- **WORK ITEM**:
Reproduce exactly the lines from the line containing "クレリア花池町　（クレリアハナイケチョウ）[1LDK/30.1m2]の間取図" through the end of the records below, including both ends, and nothing else.

- **GIVEN INFORMATION**:
════════════════════

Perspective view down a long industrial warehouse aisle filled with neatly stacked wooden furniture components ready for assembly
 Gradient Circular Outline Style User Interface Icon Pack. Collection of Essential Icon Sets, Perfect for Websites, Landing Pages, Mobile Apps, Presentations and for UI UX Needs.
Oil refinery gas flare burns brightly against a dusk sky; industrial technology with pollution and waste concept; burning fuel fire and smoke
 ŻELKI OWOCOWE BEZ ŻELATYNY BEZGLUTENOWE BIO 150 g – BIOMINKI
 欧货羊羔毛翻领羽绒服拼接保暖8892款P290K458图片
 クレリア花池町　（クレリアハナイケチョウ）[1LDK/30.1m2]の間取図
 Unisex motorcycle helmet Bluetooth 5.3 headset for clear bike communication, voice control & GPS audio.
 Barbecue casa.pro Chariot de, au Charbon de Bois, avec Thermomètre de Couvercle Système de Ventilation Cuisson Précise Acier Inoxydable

════════════════════

- **TASK ANSWER**:
 クレリア花池町　（クレリアハナイケチョウ）[1LDK/30.1m2]の間取図
 Unisex motorcycle helmet Bluetooth 5.3 headset for clear bike communication, voice control & GPS audio.
 Barbecue casa.pro Chariot de, au Charbon de Bois, avec Thermomètre de Couvercle Système de Ventilation Cuisson Précise Acier Inoxydable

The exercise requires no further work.